## THE DATA
◆ ◆ ◆

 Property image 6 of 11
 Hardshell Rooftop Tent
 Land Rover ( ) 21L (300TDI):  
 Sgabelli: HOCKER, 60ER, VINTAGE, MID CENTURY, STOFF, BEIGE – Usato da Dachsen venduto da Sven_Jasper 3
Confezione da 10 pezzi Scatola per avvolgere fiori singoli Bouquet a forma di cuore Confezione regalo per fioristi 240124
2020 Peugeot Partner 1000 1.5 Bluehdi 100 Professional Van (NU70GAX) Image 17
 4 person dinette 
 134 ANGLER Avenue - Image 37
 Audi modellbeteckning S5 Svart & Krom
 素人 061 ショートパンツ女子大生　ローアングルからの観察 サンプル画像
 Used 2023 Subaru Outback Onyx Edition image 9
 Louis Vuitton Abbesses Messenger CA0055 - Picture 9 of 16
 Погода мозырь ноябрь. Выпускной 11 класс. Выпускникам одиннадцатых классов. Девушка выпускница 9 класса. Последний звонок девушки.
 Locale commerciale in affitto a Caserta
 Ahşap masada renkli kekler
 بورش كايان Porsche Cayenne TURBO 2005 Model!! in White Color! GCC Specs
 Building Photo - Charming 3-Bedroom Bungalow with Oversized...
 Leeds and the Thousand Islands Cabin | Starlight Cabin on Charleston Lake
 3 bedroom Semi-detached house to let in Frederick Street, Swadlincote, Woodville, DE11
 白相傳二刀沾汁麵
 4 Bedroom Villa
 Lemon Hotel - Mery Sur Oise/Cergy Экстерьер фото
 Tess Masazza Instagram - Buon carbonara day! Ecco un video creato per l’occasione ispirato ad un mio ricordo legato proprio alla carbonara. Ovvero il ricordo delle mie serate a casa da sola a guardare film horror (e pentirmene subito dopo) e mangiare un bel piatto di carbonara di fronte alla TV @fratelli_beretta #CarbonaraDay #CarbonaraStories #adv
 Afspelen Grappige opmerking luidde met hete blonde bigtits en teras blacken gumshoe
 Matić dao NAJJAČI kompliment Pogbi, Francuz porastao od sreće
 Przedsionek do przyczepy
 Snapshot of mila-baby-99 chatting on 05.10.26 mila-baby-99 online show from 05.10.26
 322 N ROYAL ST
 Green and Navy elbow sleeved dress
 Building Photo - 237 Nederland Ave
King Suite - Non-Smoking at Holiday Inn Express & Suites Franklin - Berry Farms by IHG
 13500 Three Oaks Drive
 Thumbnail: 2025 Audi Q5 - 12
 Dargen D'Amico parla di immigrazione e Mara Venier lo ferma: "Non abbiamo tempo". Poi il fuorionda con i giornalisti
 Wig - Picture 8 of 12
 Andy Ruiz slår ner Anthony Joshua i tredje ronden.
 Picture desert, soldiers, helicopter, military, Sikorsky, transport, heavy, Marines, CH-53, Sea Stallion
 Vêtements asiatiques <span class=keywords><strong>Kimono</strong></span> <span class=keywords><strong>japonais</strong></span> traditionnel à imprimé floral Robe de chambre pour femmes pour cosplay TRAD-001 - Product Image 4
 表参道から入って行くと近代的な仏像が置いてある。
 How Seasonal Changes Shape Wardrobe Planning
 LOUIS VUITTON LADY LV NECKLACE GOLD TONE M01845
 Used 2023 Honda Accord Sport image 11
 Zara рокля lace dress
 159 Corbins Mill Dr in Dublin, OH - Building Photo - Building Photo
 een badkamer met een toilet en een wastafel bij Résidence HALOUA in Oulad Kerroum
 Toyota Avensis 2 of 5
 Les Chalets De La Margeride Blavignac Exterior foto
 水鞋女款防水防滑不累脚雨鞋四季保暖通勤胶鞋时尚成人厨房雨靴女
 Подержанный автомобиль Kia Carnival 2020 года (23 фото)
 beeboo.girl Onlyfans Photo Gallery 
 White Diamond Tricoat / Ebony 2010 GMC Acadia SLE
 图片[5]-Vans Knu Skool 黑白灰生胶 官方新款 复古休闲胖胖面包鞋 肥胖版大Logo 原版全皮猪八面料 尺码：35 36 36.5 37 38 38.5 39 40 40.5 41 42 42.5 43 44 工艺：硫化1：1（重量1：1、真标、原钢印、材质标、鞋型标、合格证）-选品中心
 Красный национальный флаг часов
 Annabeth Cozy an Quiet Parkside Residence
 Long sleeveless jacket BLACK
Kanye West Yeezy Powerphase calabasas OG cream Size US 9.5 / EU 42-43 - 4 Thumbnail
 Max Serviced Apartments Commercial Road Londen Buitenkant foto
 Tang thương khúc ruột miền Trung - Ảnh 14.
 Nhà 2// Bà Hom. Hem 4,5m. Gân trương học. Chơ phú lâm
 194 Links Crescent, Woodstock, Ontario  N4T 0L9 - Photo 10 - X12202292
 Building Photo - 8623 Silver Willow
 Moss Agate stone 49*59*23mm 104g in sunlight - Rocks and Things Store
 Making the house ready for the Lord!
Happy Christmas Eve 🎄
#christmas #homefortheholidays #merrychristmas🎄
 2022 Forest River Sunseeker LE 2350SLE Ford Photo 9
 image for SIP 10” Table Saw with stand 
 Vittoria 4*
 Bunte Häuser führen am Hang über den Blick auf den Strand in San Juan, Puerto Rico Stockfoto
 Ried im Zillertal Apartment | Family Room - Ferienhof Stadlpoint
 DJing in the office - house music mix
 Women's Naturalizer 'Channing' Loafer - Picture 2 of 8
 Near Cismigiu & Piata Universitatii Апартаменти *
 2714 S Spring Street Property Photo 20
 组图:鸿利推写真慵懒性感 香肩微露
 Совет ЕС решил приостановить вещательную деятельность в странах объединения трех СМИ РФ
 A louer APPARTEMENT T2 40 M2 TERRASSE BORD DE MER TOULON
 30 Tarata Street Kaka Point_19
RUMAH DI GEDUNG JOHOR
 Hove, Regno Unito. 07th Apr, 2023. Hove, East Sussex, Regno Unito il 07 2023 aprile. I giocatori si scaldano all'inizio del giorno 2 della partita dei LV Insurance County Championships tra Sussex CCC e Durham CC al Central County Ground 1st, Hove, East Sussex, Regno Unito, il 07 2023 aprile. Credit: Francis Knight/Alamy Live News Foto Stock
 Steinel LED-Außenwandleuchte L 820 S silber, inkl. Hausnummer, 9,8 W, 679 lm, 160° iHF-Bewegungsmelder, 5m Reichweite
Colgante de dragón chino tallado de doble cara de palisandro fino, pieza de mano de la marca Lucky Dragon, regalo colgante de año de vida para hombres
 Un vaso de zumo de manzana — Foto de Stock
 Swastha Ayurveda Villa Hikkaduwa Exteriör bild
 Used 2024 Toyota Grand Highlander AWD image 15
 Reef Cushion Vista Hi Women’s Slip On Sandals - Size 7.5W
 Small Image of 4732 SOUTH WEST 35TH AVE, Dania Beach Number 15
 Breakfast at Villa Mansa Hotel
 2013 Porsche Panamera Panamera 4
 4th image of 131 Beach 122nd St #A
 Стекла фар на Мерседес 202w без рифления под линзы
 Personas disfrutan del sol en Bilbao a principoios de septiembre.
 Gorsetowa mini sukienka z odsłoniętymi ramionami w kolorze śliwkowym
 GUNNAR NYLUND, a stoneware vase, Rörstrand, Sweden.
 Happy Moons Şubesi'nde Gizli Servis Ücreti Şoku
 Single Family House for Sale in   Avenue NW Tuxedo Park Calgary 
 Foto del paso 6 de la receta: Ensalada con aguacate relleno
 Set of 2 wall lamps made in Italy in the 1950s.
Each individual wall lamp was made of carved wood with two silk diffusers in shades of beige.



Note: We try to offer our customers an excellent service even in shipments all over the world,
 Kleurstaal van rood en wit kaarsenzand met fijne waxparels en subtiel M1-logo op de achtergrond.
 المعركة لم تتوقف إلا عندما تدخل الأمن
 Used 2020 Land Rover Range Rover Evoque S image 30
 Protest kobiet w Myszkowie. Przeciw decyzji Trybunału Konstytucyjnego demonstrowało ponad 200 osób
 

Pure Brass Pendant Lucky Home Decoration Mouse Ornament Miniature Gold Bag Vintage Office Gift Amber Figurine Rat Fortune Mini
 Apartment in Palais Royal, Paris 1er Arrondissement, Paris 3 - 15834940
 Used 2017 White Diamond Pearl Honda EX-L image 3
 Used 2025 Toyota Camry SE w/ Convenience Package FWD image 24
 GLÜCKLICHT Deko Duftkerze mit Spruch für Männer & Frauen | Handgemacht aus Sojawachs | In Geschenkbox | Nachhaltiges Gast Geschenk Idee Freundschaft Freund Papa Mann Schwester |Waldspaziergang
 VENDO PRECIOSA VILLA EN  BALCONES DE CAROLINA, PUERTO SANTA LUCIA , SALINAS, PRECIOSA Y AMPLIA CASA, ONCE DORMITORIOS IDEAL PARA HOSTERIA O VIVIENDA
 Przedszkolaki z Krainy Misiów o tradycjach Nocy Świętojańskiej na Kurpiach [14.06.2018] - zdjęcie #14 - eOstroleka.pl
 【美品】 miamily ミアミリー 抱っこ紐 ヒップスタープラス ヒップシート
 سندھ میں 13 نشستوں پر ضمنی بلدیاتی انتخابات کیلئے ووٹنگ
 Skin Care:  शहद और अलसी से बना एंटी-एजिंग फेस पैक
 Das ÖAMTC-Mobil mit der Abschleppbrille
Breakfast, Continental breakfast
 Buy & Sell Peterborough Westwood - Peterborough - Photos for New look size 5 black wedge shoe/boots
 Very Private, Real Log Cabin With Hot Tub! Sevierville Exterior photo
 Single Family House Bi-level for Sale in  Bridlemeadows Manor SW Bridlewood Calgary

◆ ◆ ◆

## WHAT YOU HAVE TO DO
Find where the line with "المعركة لم تتوقف إلا عندما تدخل الأمن" sits in the material above, then copy exactly from it through the line with "एंटी-एजिंग फेस पैक". Add no other line.

## RESULT FOR THIS TASK
 المعركة لم تتوقف إلا عندما تدخل الأمن
 Used 2020 Land Rover Range Rover Evoque S image 30
 Protest kobiet w Myszkowie. Przeciw decyzji Trybunału Konstytucyjnego demonstrowało ponad 200 osób
 

Pure Brass Pendant Lucky Home Decoration Mouse Ornament Miniature Gold Bag Vintage Office Gift Amber Figurine Rat Fortune Mini
 Apartment in Palais Royal, Paris 1er Arrondissement, Paris 3 - 15834940
 Used 2017 White Diamond Pearl Honda EX-L image 3
 Used 2025 Toyota Camry SE w/ Convenience Package FWD image 24
 GLÜCKLICHT Deko Duftkerze mit Spruch für Männer & Frauen | Handgemacht aus Sojawachs | In Geschenkbox | Nachhaltiges Gast Geschenk Idee Freundschaft Freund Papa Mann Schwester |Waldspaziergang
 VENDO PRECIOSA VILLA EN  BALCONES DE CAROLINA, PUERTO SANTA LUCIA , SALINAS, PRECIOSA Y AMPLIA CASA, ONCE DORMITORIOS IDEAL PARA HOSTERIA O VIVIENDA
 Przedszkolaki z Krainy Misiów o tradycjach Nocy Świętojańskiej na Kurpiach [14.06.2018] - zdjęcie #14 - eOstroleka.pl
 【美品】 miamily ミアミリー 抱っこ紐 ヒップスタープラス ヒップシート
 سندھ میں 13 نشستوں پر ضمنی بلدیاتی انتخابات کیلئے ووٹنگ
 Skin Care:  शहद और अलसी से बना एंटी-एजिंग फेस पैक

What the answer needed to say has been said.